Wednesday, April 07, 2010

The Tipping Point

prairie wind

There’s a welcome breeze from the West today in the form of a brilliant post from Will “Chinook” Dixon.

Will parses the ongoing (make that endless) process of developing and instituting broadcast policy in this country from the point of view of how it’s devastating those who are supposed to be around to create content once the smarter folks in Ottawa figure out just what that content is going to be.

You can savor the Prairie Prince here.

To be honest, there have been moments lately when I’ve felt that the broadcaster endgame in all this is to starve us all out of the business so they can appear before the CRTC one day and ask for their Cancon to be reduced to zero because --- well, there doesn’t seem to be anybody making any!

And if what Uncle Willis has to say doesn’t make you want to sign up for Bartender school (Hey, at least the drinks are handy) then you might want to read this little tidbit from Broadcaster --- Canada’s Communications Magazine --- reporting a CRTC Audit proving that Cable companies have not even come close to living up to their Community Channel requirements.

The investigation (conducted from 2002 to 2005) discovered that all the systems weren’t meeting their 30% public access requirement while one didn’t have any of that content at all.

In addition, commercials were often double the allowable limit while there were so many Cable promos at times that one Rogers outlet was cited as providing programming "similar to an hour long promo of their services."

Not that we didn’t suspect the cable companies were bending the rules as much as the broadcasters they vilify. But what’s astonishing here is that this report was in the hands of the Commission well before all the recent back and forth over cable fees and local TV.

And not one of those high paid idiots brought it up.

They just sat silent while representatives of Rogers and Shaw made lengthy arguments about how much they contribute to their communities and even pitched the concept of local broadcast funding being open to their community stations.

That comes on the heels of the recent revelation further down this page that the Commission hadn’t read its own report indicating more and more Canadians are abandoning cable while claiming the public won’t have a problem paying higher subscription fees since they haven’t up to now.

It’s becoming clearer to anybody paying attention that the current Commissioners of the CRTC aren’t at all current with what’s going on in the industry that they regulate, nor have they been for some time.

And that means that unless they’re all replaced, we’re going to have to find some other way out of this mess.
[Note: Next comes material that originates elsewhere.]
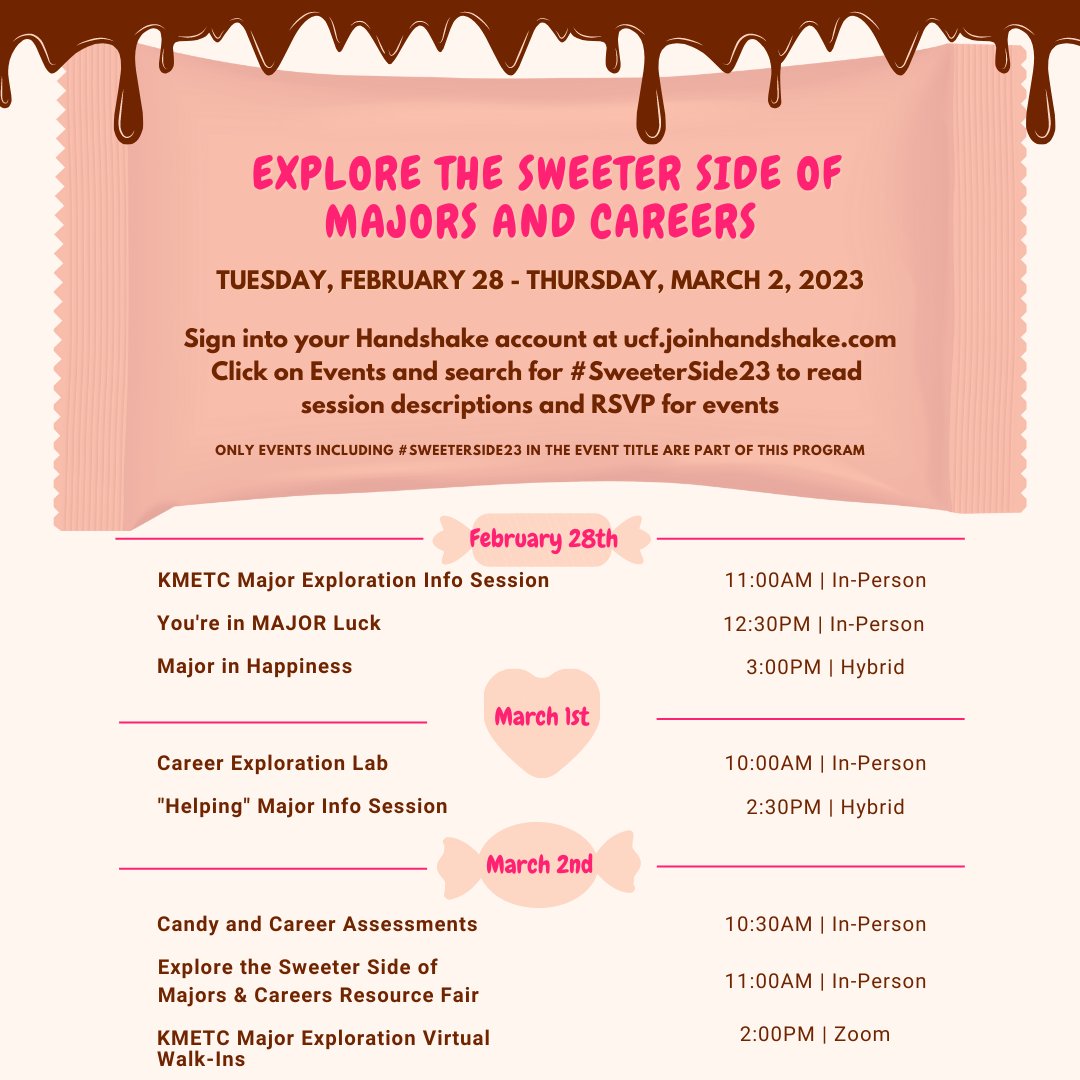 UCFSARC's tweet photo. Join KMETC during Major Exploration Week with KMETC & Career Services! They are hosting a number of events from Feb. 28th - March 2nd for all things major & career related. #UCFSARC #Spring2023 #SI #PeerTutoring #ACECoaching #AcademicSuccess https://t.co/TOW600owPx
The usual Canadian response in these circumstances is to run to Daddy (ie: the government) but no matter how many times we march on or send busloads of our leading lights up to Ottawa to meet MPs and bureaucrats, that doesn’t seem to work either.

It’s time we admitted that our elected representatives maybe aren’t as bright as we’d like or they’d like us to believe they are.

Every time one level or another of politicians votes themselves a raise, we hear the phrase “It’s necessary to attract intelligent people to the job!”. Let me ask you – how well does that appear to be working so far?

Although the following is an American example, I think it speaks to the kind of people who often attain elected office and why we can’t depend on them to figure out issues foreign to their experience or more complex than cutting a ribbon.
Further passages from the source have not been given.